- [To do]
With pictures excluded, output exactly the lines that run from the first line of the data below through the line containing "Movie still from".

- [Given information]
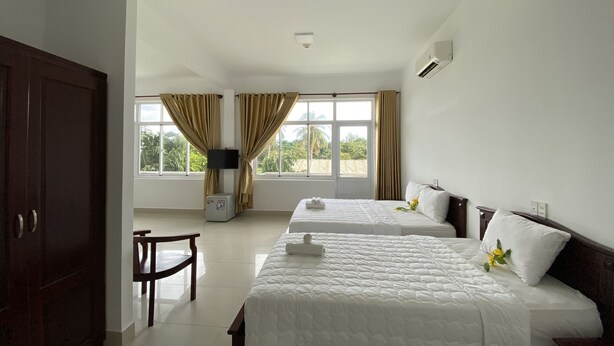 Een hotelkamer met twee bedden, een televisie, een bureau en een stoel.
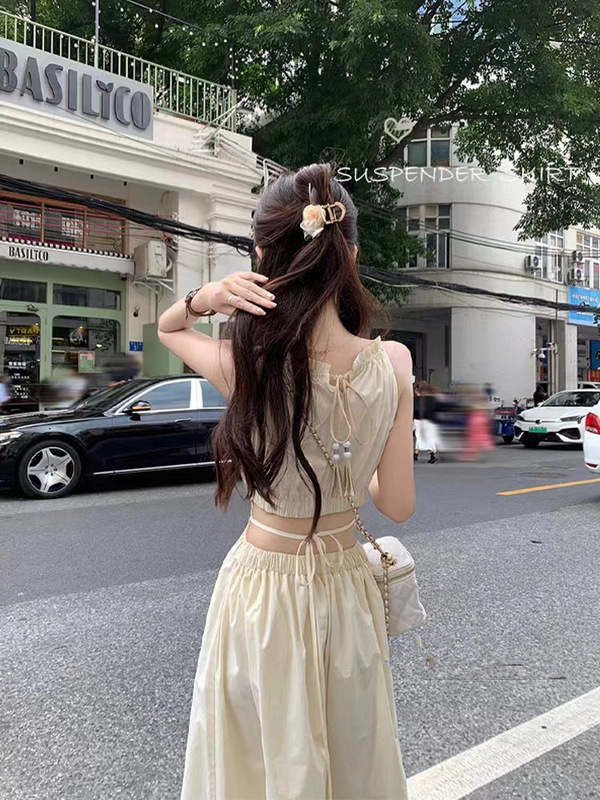 Seaside Niche Design Sense Hollow-out Open-waist Halter Halter Dress Women's Summer Tight Waist Slimming Tassel Long Dress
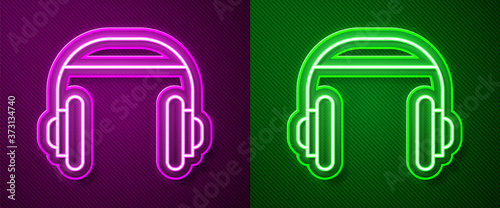 Glowing neon line Headphones icon isolated on purple and green background. Support customer service  hotline  call center  faq  maintenance. Vector Illustration.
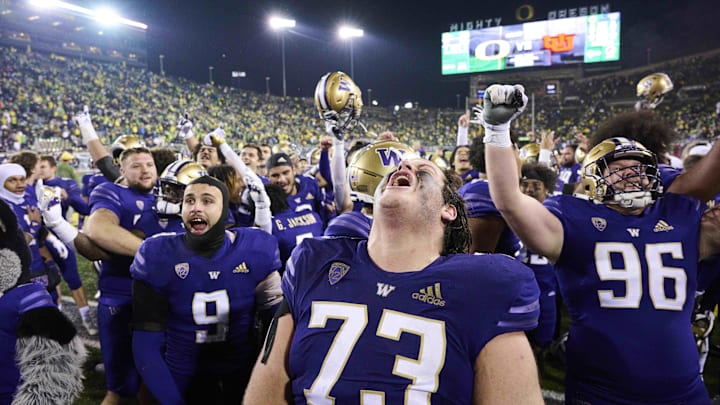  Huskies offensive tackle Roger Rosengarten (73) celebrates a 37-34 win at Autzen Stadium in 2022.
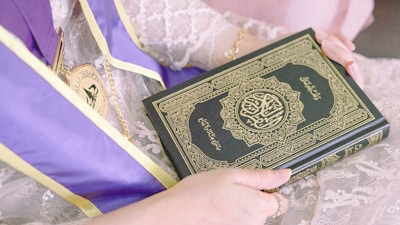 person holding green and white book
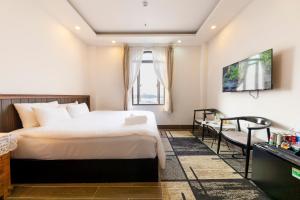 Postel nebo postele na pokoji v ubytování Olagi Hotel 2
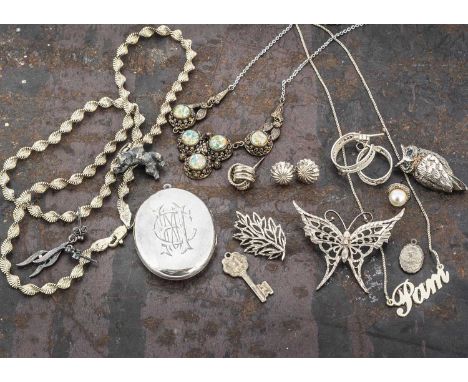 A quantity of silver and base metal jewels, including an Arts and Crafts Vauxhall glass necklace, an oval locket with monogra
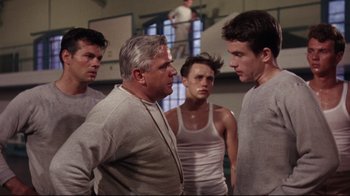 Movie still from “Splendor in the Grass” (1961), directed by Elia Kazan – A group of men standing next to each other in a room; Medium shot, Low angle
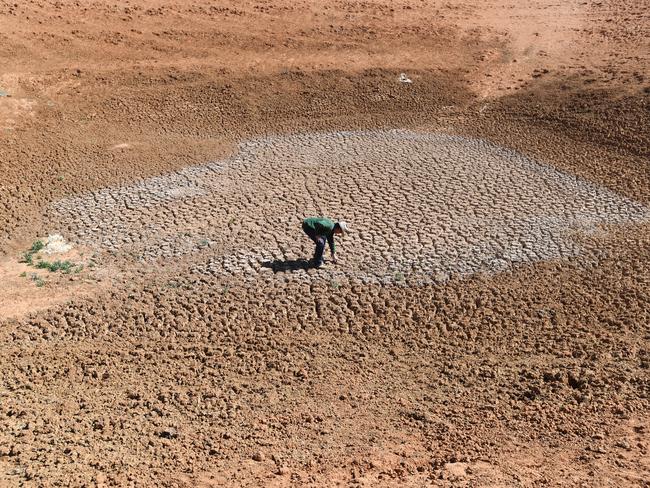 Farmer Lachlan Gall stands at the bottom of one of his empty dams on his property at Langawirra Station north of Broken Hill. Picture: AAP Image/David Mariuz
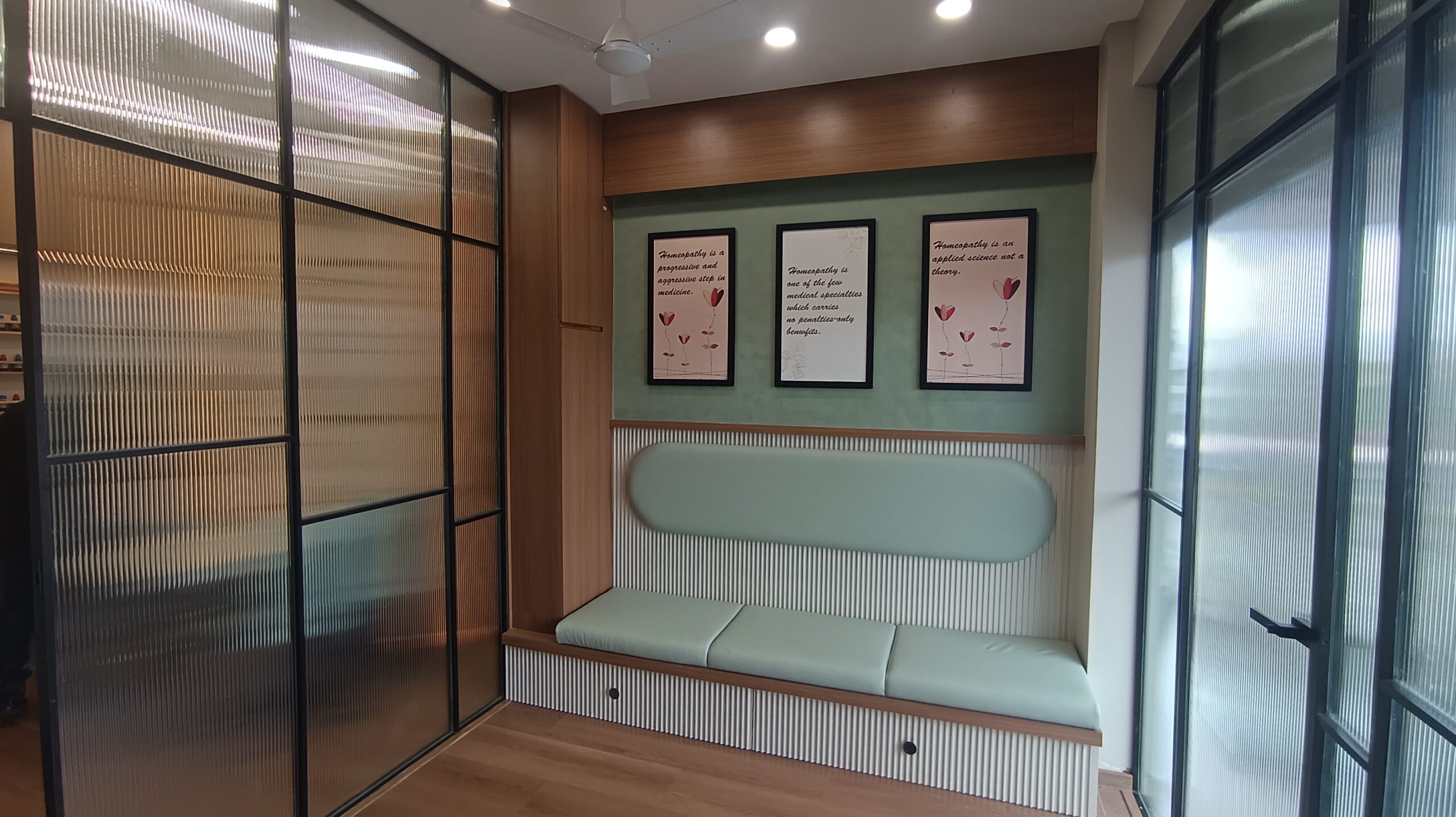 Reception area featuring a sleek countertop, built‑in signage display, light wood flooring, and floor‑to‑ceiling glazing.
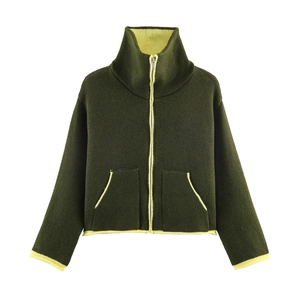 Close-up of contrast zipper and high neck detail on olive green fleece jacket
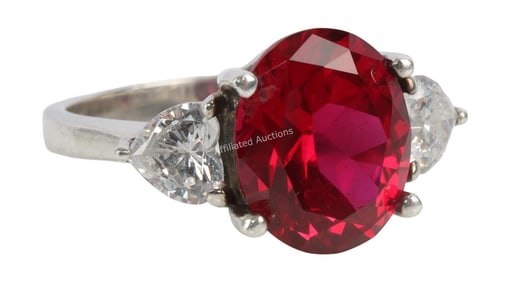 .925 SILVER RING WITH RED GEMSTONE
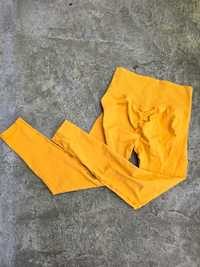 Damskie sportowe legginsy żółte pushup na siłownie rozmiar M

- [Completed exercise]
 Een hotelkamer met twee bedden, een televisie, een bureau en een stoel.
 Seaside Niche Design Sense Hollow-out Open-waist Halter Halter Dress Women's Summer Tight Waist Slimming Tassel Long Dress
 Glowing neon line Headphones icon isolated on purple and green background. Support customer service  hotline  call center  faq  maintenance. Vector Illustration.
  Huskies offensive tackle Roger Rosengarten (73) celebrates a 37-34 win at Autzen Stadium in 2022.
 person holding green and white book
 Postel nebo postele na pokoji v ubytování Olagi Hotel 2
 A quantity of silver and base metal jewels, including an Arts and Crafts Vauxhall glass necklace, an oval locket with monogra
 Movie still from “Splendor in the Grass” (1961), directed by Elia Kazan – A group of men standing next to each other in a room; Medium shot, Low angle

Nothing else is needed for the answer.